Der deutsche Regierungssprecher twittert jetzt. Das "ist fast schon ein historisches Ereignis", schreiben die Medien. "Venezuela hat in der zweiten Runde der südamerikanischen WM-Qualifikation einen historischen Sieg errungen", schreibt NZZ online. Der Papst-Besuch in Baden-Württemberg war laut Ministerpräsident Kretschmann "ein historisches Ereignis". Donald Tusk hat in Polen einen "historischen Sieg" gefeiert, schreibt SF online.
"Historisch" bedeutet: etwas hat Geschichte geschrieben. Kann die Gegenwart entscheiden, ob etwas „historisch“ wird? Können wir wissen, was in die Geschichtsbücher eingeht? Ob etwas "historisch" ist, wird erst viel später entschieden: sicher nicht in der Gegenwart.
„Als historisches Ereignis bezeichnet man eine Begebenheit, die eine geschichtliche Veränderung herbeiführt.“ (Hölscher 2002)
Können wir aus heutiger Sicht wissen, ob ein Ereignis eine geschichtliche Veränderung herbeiführt?
Nicht nur die Medienschaffenden, alle Menschen haben die Tendenz, aktuelle Ereignisse allzu stark zu bewerten. Man ist überwältigt und sucht nach Superlativen. „Historisch“ ist ein Superlativ. Man ist überzeugt, dass man auch in hundert Jahren noch davon spricht. Doch vielleicht spricht man eben nicht mehr davon.

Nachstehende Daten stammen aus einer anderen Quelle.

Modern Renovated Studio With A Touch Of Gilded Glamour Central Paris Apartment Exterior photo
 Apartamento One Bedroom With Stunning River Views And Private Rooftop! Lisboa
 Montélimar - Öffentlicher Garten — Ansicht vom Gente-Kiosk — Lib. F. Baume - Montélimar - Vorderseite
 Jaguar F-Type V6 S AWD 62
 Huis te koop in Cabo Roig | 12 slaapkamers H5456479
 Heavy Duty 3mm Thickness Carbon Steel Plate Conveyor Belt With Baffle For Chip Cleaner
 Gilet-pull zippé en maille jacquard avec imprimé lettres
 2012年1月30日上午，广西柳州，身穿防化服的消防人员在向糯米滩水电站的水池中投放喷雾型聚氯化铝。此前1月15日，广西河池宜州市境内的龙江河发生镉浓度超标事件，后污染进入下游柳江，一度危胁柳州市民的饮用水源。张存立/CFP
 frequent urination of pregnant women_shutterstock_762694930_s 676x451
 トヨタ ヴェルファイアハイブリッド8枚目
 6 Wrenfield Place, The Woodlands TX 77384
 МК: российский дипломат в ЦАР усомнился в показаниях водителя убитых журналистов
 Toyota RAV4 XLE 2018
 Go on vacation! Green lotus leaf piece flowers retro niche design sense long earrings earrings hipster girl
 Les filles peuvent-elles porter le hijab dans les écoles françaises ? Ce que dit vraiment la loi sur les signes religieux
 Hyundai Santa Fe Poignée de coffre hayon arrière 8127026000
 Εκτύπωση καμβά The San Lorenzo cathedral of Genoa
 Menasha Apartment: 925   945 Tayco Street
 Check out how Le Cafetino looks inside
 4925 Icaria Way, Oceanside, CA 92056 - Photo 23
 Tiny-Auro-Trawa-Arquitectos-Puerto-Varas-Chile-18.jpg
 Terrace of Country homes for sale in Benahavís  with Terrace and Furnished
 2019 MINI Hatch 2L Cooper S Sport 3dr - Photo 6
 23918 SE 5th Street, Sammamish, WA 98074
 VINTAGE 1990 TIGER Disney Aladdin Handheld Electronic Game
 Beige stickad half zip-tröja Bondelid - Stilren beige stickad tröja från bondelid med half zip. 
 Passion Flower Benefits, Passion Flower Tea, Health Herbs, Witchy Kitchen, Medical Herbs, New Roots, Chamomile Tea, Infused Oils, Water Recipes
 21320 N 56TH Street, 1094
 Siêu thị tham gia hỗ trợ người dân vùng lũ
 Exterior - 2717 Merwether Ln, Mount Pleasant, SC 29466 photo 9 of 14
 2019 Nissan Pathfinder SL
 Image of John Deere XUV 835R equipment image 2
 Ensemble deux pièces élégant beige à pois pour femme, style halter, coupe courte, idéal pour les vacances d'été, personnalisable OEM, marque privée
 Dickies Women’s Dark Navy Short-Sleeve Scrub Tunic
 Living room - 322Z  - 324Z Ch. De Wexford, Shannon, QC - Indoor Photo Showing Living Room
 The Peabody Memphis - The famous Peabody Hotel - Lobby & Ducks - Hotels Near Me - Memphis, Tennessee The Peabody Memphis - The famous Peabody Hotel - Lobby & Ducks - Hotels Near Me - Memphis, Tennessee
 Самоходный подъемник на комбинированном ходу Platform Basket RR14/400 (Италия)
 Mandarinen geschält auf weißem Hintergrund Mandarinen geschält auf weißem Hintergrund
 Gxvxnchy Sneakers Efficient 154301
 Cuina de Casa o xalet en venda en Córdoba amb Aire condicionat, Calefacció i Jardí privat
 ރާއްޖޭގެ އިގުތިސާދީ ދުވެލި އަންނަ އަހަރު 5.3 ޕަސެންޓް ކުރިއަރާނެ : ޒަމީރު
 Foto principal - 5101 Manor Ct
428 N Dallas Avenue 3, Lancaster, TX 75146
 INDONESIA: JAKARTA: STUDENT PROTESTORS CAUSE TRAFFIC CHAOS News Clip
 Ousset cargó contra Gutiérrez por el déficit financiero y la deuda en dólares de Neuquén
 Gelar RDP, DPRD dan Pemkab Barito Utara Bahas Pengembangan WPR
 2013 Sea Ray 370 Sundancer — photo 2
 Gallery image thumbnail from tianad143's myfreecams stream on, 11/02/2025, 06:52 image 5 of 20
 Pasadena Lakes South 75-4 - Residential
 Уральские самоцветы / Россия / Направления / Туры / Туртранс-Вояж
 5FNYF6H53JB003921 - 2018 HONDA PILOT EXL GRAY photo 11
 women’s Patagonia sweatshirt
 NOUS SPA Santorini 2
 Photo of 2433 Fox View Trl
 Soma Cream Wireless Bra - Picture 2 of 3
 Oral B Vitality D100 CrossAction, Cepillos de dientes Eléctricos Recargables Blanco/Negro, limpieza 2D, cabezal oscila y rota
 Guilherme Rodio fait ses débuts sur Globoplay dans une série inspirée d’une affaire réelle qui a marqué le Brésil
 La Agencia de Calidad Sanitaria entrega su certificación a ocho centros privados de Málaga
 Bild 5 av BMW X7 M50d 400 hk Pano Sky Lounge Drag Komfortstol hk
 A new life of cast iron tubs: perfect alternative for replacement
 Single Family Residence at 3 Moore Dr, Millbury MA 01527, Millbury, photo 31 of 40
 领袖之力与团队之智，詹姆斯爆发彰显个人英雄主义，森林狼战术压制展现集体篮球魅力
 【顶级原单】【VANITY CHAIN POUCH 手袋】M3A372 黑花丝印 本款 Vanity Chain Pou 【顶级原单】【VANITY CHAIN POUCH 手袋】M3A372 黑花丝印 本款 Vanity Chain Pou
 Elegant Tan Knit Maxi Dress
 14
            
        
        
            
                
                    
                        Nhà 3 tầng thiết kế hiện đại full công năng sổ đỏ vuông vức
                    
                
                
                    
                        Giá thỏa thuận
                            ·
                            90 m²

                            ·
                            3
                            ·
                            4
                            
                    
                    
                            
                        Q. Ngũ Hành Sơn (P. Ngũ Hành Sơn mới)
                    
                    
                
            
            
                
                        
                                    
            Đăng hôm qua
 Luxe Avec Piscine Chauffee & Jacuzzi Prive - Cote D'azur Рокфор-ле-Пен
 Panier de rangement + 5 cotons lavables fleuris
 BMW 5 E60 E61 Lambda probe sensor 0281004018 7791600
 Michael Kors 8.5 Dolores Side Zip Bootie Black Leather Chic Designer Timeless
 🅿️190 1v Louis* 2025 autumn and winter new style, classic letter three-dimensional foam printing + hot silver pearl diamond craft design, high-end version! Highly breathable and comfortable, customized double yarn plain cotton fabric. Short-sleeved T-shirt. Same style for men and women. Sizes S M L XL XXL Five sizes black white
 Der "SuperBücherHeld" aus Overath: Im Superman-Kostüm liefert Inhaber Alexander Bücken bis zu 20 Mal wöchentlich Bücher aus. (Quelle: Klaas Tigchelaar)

Vieles, was heute als „historisch“ bezeichnet wird, wird in der späteren Geschichtsschreibung nicht einmal eine Fussnote Wert sein.
Doch seien wir nicht pingelig. „Historisch“ ist heute ein Synonym für „extrem wichtig“, „einmalig“, „zukunftsweisend“, „nie dagewesen“ oder „bedeutungsvoll“. Die Sprache wandelt sich. Aber ein bisschen falsch ist „historisch“ eben doch.